En français, le terme data literacy se heurte à de nombreuses traductions qui au-delà de la question terminologique, impliquent différentes mises en pratique. Le cas de Culture des données est un très bon exemple. Souvent utilisé comme synonyme de la data literacy, la culture des données renvoie aux valeurs, comportements, et normes des individus dans une organisation traitant des problématiques liées aux données (Kremser et Brunaueur). La culture est, comme le rappelait Goody en 2017, plus englobante, la literacy ne reflétant qu’une partie des actes culturels.

Dans le cadre du programme Culture D, c’est bien à la notion de culture des données que nous nous intéressons. L’objectif est d’aller au-delà de la question des compétences, et de prendre en compte les aspects collectifs de la culture des données tels que la vision et les valeurs communes.

C’est d’ailleurs par la question des implications individuelles et collectives de la culture des données que la session d’ateliers a débuté.

Dimension collective de la culture des données : comment développer et diffuser la culture des données au sein de l’organisation et/ou de la société ?

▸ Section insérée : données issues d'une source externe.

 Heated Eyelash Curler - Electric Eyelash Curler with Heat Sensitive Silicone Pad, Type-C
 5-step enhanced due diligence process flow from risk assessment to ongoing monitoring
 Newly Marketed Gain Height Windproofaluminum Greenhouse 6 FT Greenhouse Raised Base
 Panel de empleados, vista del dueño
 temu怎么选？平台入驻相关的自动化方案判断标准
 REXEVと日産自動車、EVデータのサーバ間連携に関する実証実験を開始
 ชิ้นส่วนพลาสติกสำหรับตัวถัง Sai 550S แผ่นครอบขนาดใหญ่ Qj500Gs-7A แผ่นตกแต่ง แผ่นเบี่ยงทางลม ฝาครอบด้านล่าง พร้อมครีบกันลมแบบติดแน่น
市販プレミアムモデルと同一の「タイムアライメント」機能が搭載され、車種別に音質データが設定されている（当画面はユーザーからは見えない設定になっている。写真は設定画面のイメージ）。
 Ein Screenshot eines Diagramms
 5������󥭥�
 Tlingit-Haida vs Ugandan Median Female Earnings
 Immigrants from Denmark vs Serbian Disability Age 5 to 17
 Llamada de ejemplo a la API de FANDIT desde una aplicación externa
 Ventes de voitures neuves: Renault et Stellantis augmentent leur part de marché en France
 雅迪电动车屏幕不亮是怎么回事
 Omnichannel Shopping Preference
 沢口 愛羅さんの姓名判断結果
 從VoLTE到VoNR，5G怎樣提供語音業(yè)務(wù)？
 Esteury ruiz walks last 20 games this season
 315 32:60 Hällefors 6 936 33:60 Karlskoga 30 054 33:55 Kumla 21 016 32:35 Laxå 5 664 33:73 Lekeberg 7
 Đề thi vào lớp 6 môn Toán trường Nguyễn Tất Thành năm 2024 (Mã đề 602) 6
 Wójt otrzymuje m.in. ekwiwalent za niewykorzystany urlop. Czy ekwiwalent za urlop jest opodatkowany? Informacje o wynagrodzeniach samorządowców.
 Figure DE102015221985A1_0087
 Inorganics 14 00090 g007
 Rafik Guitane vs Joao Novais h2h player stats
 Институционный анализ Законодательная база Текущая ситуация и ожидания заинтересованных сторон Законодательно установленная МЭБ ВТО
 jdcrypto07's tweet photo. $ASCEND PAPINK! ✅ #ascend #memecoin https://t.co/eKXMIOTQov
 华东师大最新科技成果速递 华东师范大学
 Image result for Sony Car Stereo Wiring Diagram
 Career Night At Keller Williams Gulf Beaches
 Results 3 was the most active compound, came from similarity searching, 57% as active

Cet atelier a commencé avec une consigne simple, identifier les éléments qui composent une culture de manière générale. Il s’agissait par la suite de transposer ces éléments à la culture des données pour imaginer comment celle-ci pourrait être développée :

  • Savoir

  • Savoir faire

  • Identité

  • Intemporel

  • Connaissance

  • Fréquentation

  • Intérêt commun

  • Valeurs communes

  • Des usages d’inter-communauté

  • Vision de l’avenir

  • Communauté de destin

  • Envie d’appartenance

  • Réassurance

  • Compatibilité

  • Histoire partagée

  • Appartenance

  • Besoins matériels/Artéfact

  • Spirituels/attentes

  • Empreintes

  • Universalité

  • Endurance

  • Nature

  • Graine, plante (champs qu’il faut arroser)

  • Socle commun

  • Compétences

  • Règles

Les échanges lors de cette étape de l’atelier ont également particulièrement porté sur le langage commun, qui permet la compréhension, la possibilité de coopération et qui est le véhicule de valeurs communes.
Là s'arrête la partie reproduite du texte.